Problem requirements: Return verbatim the line containing "Download Lagu IVE" together with all lines that follow it, through the end of the records.

[Data for this task Boundary: Start]

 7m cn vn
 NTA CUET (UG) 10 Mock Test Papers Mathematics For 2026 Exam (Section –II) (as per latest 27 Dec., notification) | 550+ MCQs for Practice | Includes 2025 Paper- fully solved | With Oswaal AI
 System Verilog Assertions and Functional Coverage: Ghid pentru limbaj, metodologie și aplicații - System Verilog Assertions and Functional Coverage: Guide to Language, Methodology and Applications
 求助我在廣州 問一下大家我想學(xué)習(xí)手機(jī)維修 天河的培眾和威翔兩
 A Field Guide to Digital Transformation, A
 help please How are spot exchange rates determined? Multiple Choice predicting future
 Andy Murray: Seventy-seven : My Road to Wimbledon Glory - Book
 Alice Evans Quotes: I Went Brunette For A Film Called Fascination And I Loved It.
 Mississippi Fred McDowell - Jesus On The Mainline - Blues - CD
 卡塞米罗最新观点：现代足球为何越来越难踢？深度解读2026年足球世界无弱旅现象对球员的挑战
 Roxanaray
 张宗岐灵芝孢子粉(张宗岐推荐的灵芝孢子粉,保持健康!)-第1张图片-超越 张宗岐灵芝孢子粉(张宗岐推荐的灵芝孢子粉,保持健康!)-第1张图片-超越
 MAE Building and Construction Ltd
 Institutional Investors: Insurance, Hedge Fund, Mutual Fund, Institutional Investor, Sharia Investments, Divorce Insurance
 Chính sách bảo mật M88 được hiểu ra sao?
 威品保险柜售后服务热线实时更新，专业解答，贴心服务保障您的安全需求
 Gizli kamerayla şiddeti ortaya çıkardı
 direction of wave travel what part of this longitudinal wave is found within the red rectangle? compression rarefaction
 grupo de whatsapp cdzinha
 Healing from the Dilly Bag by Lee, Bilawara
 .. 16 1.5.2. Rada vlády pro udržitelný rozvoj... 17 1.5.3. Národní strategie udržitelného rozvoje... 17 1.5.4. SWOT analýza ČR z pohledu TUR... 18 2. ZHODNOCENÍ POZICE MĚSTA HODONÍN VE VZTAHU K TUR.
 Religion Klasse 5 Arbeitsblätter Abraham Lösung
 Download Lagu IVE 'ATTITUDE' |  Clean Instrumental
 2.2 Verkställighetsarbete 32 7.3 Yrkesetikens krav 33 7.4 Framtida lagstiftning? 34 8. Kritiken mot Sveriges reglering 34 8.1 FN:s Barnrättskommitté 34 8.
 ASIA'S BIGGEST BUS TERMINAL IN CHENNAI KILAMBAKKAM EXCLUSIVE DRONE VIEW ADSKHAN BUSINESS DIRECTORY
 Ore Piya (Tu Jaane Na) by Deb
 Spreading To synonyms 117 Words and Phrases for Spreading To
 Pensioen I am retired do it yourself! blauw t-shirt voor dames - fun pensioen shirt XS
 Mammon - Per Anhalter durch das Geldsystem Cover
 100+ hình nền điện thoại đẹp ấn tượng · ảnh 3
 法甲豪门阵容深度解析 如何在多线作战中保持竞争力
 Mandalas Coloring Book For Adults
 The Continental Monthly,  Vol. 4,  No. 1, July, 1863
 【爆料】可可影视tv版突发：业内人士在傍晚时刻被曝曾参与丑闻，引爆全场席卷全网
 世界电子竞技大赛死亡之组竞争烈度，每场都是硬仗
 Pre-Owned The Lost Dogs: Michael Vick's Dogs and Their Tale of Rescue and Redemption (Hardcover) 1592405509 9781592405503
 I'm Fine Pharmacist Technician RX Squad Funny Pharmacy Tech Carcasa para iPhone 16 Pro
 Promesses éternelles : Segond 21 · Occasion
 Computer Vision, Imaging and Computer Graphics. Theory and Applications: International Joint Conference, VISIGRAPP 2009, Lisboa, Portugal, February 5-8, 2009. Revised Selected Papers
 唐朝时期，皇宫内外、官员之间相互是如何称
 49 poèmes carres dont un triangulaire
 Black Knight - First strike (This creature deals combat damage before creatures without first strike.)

[Data for this task Boundary: End]

Written solution:
 Download Lagu IVE 'ATTITUDE' |  Clean Instrumental
 2.2 Verkställighetsarbete 32 7.3 Yrkesetikens krav 33 7.4 Framtida lagstiftning? 34 8. Kritiken mot Sveriges reglering 34 8.1 FN:s Barnrättskommitté 34 8.
 ASIA'S BIGGEST BUS TERMINAL IN CHENNAI KILAMBAKKAM EXCLUSIVE DRONE VIEW ADSKHAN BUSINESS DIRECTORY
 Ore Piya (Tu Jaane Na) by Deb
 Spreading To synonyms 117 Words and Phrases for Spreading To
 Pensioen I am retired do it yourself! blauw t-shirt voor dames - fun pensioen shirt XS
 Mammon - Per Anhalter durch das Geldsystem Cover
 100+ hình nền điện thoại đẹp ấn tượng · ảnh 3
 法甲豪门阵容深度解析 如何在多线作战中保持竞争力
 Mandalas Coloring Book For Adults
 The Continental Monthly,  Vol. 4,  No. 1, July, 1863
 【爆料】可可影视tv版突发：业内人士在傍晚时刻被曝曾参与丑闻，引爆全场席卷全网
 世界电子竞技大赛死亡之组竞争烈度，每场都是硬仗
 Pre-Owned The Lost Dogs: Michael Vick's Dogs and Their Tale of Rescue and Redemption (Hardcover) 1592405509 9781592405503
 I'm Fine Pharmacist Technician RX Squad Funny Pharmacy Tech Carcasa para iPhone 16 Pro
 Promesses éternelles : Segond 21 · Occasion
 Computer Vision, Imaging and Computer Graphics. Theory and Applications: International Joint Conference, VISIGRAPP 2009, Lisboa, Portugal, February 5-8, 2009. Revised Selected Papers
 唐朝时期，皇宫内外、官员之间相互是如何称
 49 poèmes carres dont un triangulaire
 Black Knight - First strike (This creature deals combat damage before creatures without first strike.)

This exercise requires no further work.